═══ Given data ═══
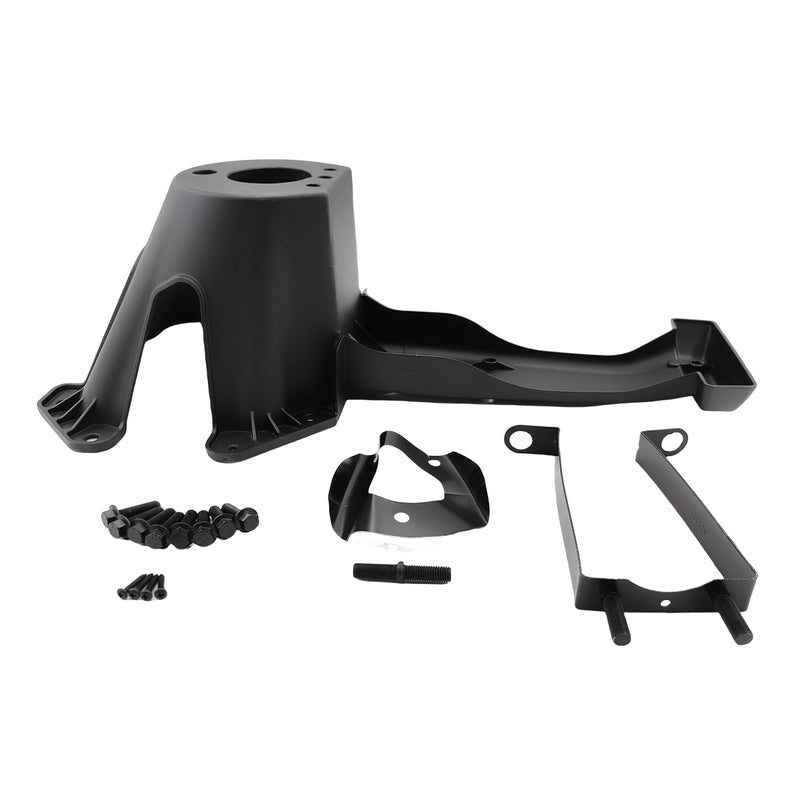 Rear Spare Tire Holder Bracket Tire Carrier Rack Without Break Light Fit For Jeep Wrangler JK 2007-2018 STHB-JP001 - Machter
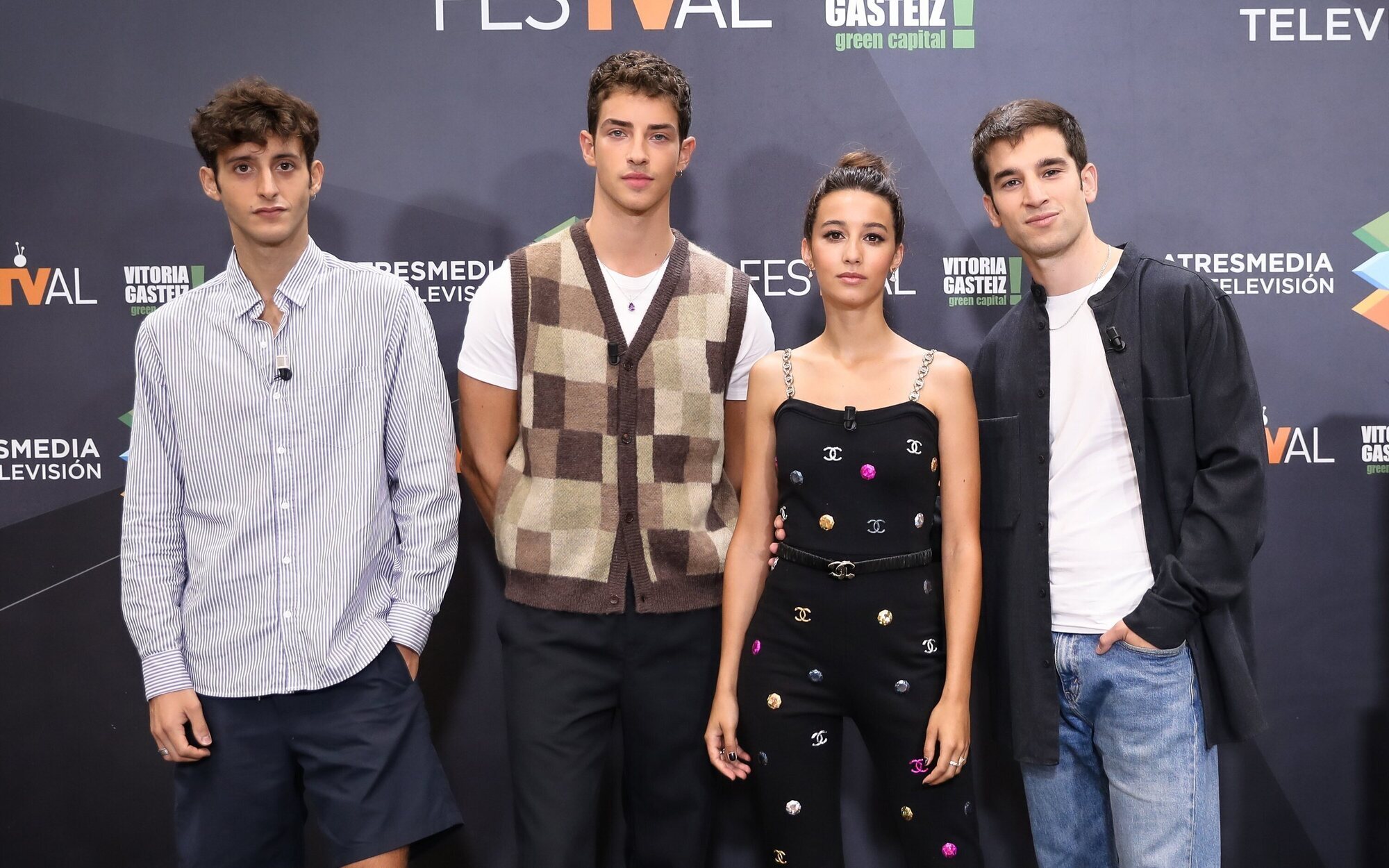 Atresmedia presenta 'La edad de la ira' y "cómo culpamos a los jóvenes de lo que no nos gusta de la sociedad"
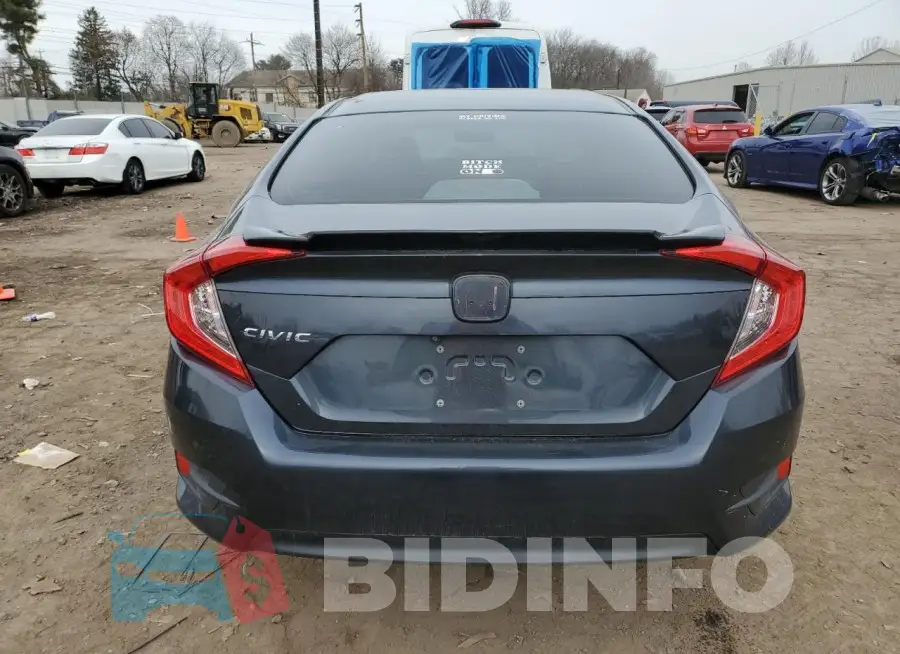 19XFC2F58GE204790 Photo# 6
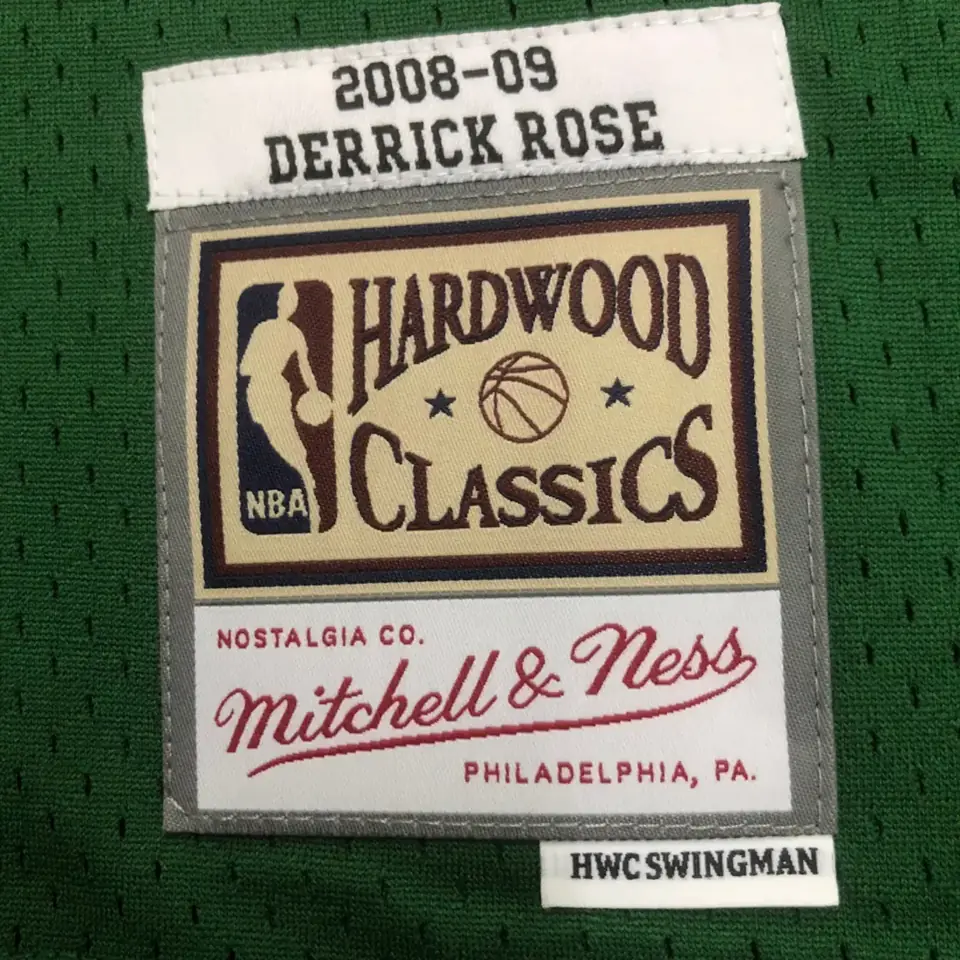 Foto 6 de Camiseta retro MN termotransferida: SW Bulls temporada 08/09 Semana ecológica (verde oscuro) nº 1 Rose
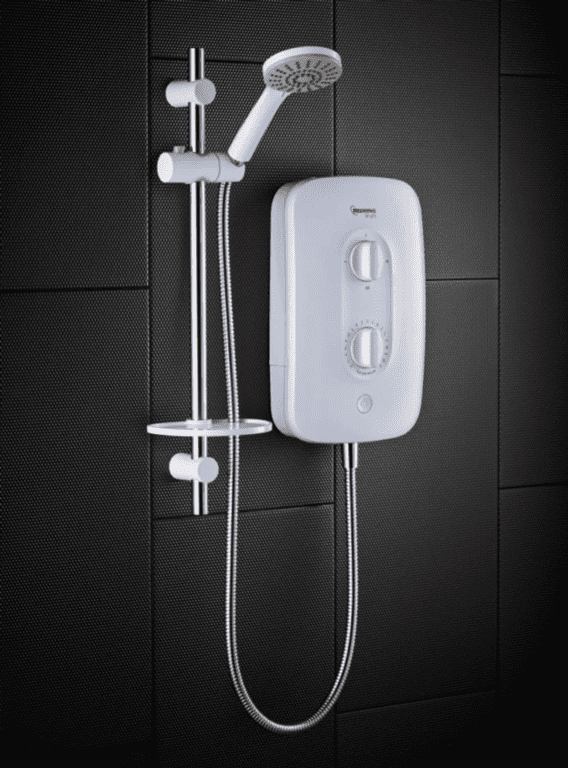 Redring RBS8 Bright Electric Shower - 8.5kw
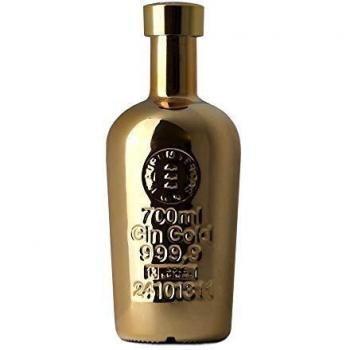 Gold 999.9 Gin, 70cl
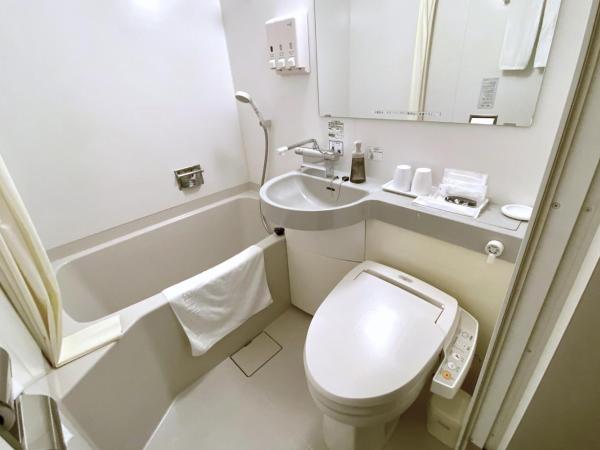 Country Hotel Niigata : photo 7 de la chambre chambre simple - non-fumeurs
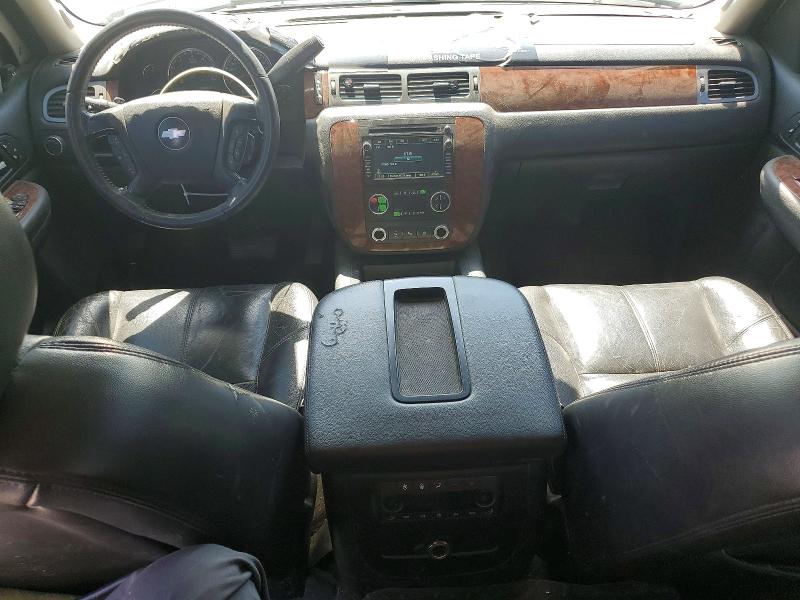 Продажа на аукционе авто 2007 Chevrolet Tahoe, vin: 1GNFC13J67R104484, номер лота: 62071106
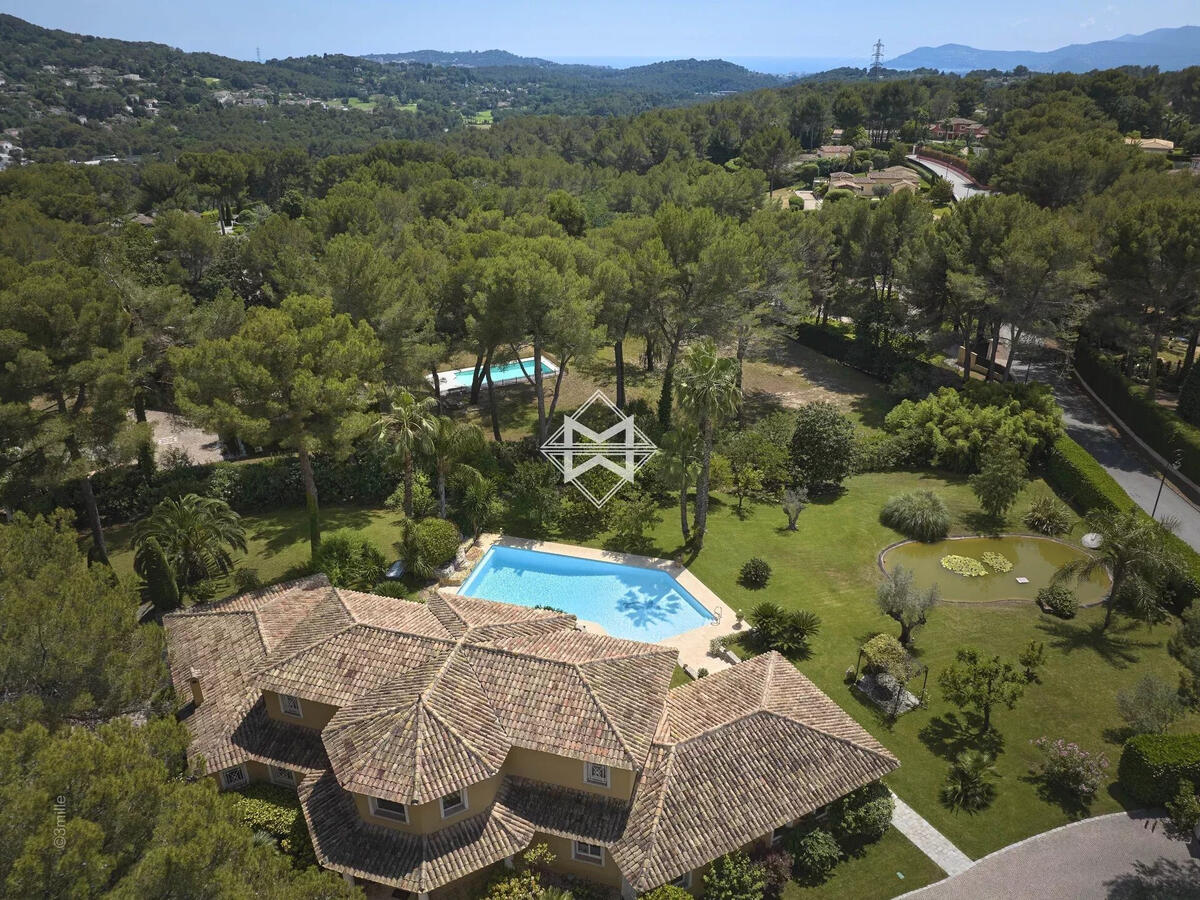 Villa Mougins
═══
- Description of the task: Each entry above should be printed exactly, and any picture in it left out.

- Expected answer:
 Rear Spare Tire Holder Bracket Tire Carrier Rack Without Break Light Fit For Jeep Wrangler JK 2007-2018 STHB-JP001 - Machter
 Atresmedia presenta 'La edad de la ira' y "cómo culpamos a los jóvenes de lo que no nos gusta de la sociedad"
 19XFC2F58GE204790 Photo# 6
 Foto 6 de Camiseta retro MN termotransferida: SW Bulls temporada 08/09 Semana ecológica (verde oscuro) nº 1 Rose
 Redring RBS8 Bright Electric Shower - 8.5kw
 Gold 999.9 Gin, 70cl
 Country Hotel Niigata : photo 7 de la chambre chambre simple - non-fumeurs
 Продажа на аукционе авто 2007 Chevrolet Tahoe, vin: 1GNFC13J67R104484, номер лота: 62071106
 Villa Mougins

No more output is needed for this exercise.